シカクいアタマをマルくする。~未来へのチカラ~

中学入試問題は、子どもたちの“未来へ学び進むチカラ”を試しています。
そこには「こんなチカラを持った子どもを育てたい」という各中学のメッセージが込められています。
この「シカクいアタマをマルくする。」中学入試問題の新シリーズでは、そんな子どもたちの“未来へのチカラ”を問う入試問題から、その出題意図(アドミッション・ポリシー)と、子どもたちへのメッセージを探っていきたいと思います!

出題校にインタビュー!

佼成学園中学校

2020年06月掲載

佼成学園中学校の国語におけるアドミッション・ポリシーを聞いてみました。

2.国語らしく、自分の考えを自分の言葉で表現しよう

インタビュー2/3

本文の核心に迫っていくように設問を配置

この問題を含む大問四は、設問の配置がスムーズですね。小学生の思考の特性をよくご理解して作問されていると感じます。設問設定で気をつけていることはありますか。

関根先生 解き進めていくうちに、本文の核心に迫っていくような設問の配置を心がけています。
最後に出題する自由記述問題は、与えられた文章を俯瞰すると見えてくる問題点やテーマを、自分の実体験などを踏まえて自分の言葉でまとめるような問題を設定しています。
選択問題は、選択肢を見るだけで正誤判定するのではなく、本文に戻って根拠を検証する必要があるものを設けています。

佼成学園中学校 校舎内

佼成学園中学校 校舎内

抜き出し問題を文章丸ごと書かせる理由

貴校の抜き出し問題は、本文をきちんと読んでいれば見つかるところ、読解のキーワードとして押さえるべきところを聞いていますね。むしろ読み落としてはいけないところが答えになっています。
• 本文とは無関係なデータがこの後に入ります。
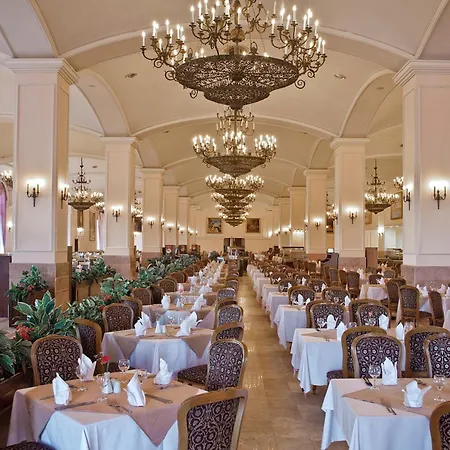Kremlin Palace Resort 5*
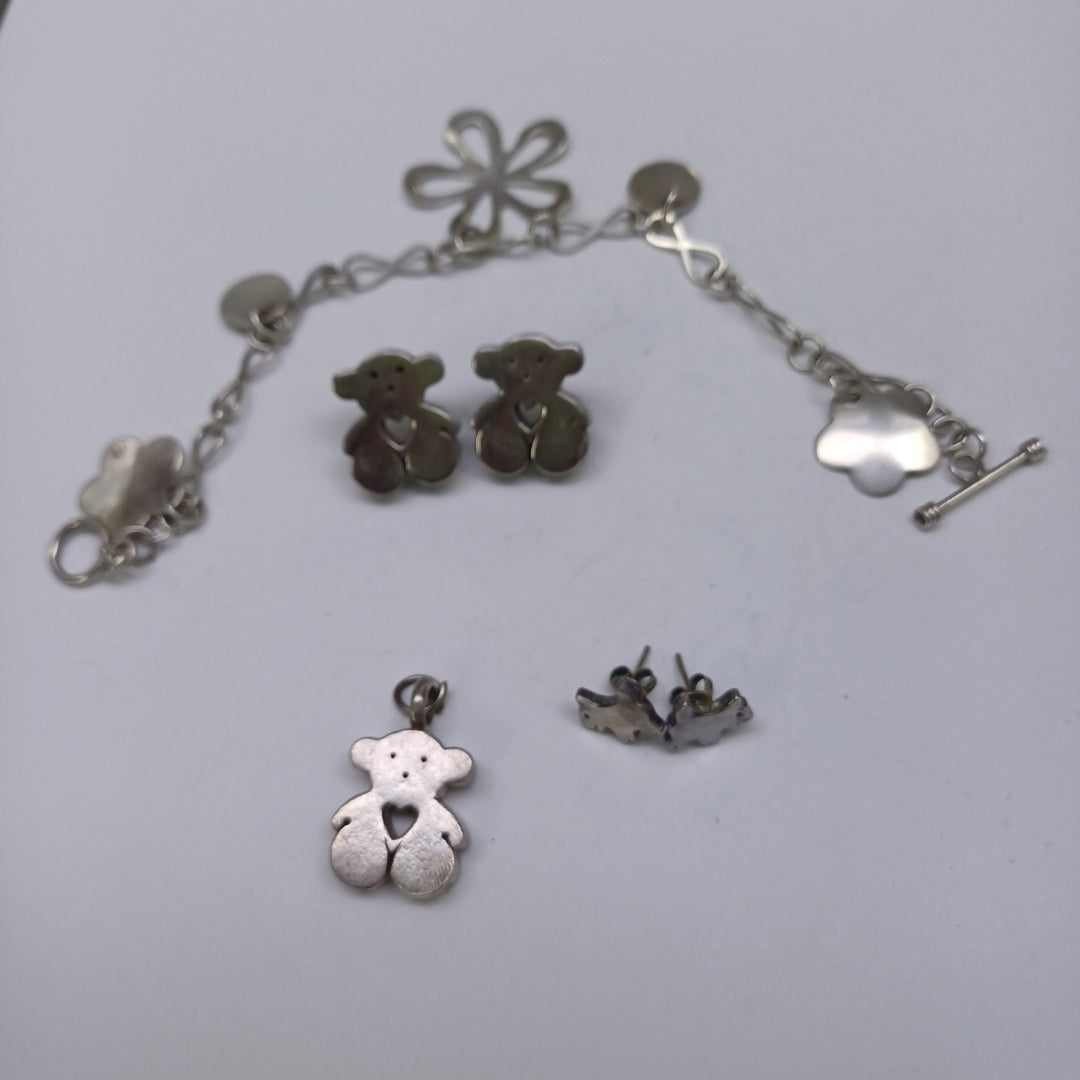 ARETES PAR, DIJE, PULSERA PLATA 19.4 GRMS (SEMINUEVO)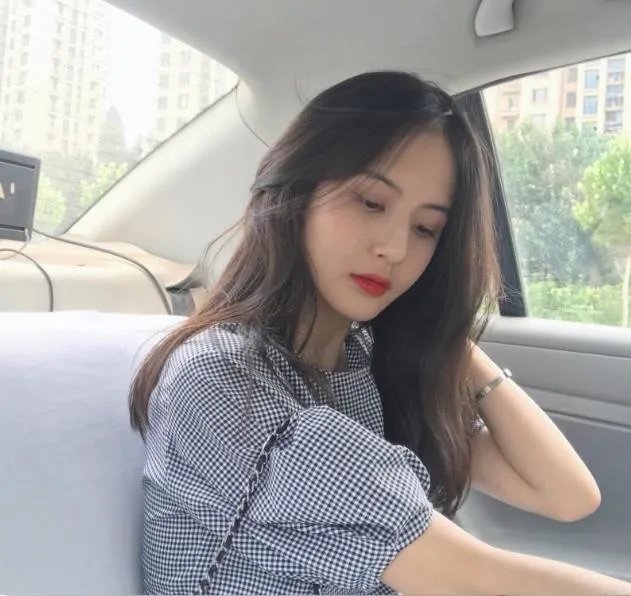 甜仇真名及个人资料:甜仇为什么离开小镇姗姗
関根先生 抜き出し問題は、中途半端な字数指定で「この字数ならココ」と連想させるのは国語的ではありません。国語の力で勝負できる問題を出題するよう心がけています。
「最初と最後の3~5字ずつ」というような出し方はなるべくせずに、20~30字以内に収まるなら、その文章丸ごと書かせて、「ここが大事なんだ」と気づかせるようにします。そうした問題を大問の始めの方に配置して、後半の問題に取り組んでもらうようにしています。

佼成学園中学校 掲示物

佼成学園中学校 掲示物

異性が主人公の物語文で多面的な視点を試す

素材文選びはどのようなことを重視されていますか。

関根先生 小学6年生に問題意識を持って読んでもらえるような題材を選んでいます。また、入試問題として受験生の力を測ることができる題材か、良問を作ることができそうか、厳しく見極めます。

大問三の物語文の主人公は、高校受験を控えた中3女子です。小学6年生の男子には読み取りが難しそうです。

関根先生 「スポーツをしている男子」が主人公の物語文は感情移入しやすく、得点率も高い。一方、主人公が異性になると感情移入しにくいところがあって、得点率が下がることがあります。
物語を通して、自分とは異なる立場の考え方や行動を知ることは、別の角度から物事を見ることになります。異性が主人公の物語文を素材にした問題から、物事を多面的に見る力を試すことができます。

自分の意見を書ける受験生が増えてきた

国語の入試問題を通して、受験生のどのような力を見ようとしていますか。

関根先生 知識はもちろん大切ですが、それだけでなく、発想力や思考力、表現力を見たいと考えています。その場で与えられた情報を基に、自分の経験に引きつけて考え、自分の言葉で伝えることができる力を測れる作問を心がけています。
本来、国語とは、用意された選択肢の中から1つ選ぶのではなく、問われたことにすべて自分で答えるものであるはずです。自分の意見を自分の言葉で臆することなく表現してほしいですね。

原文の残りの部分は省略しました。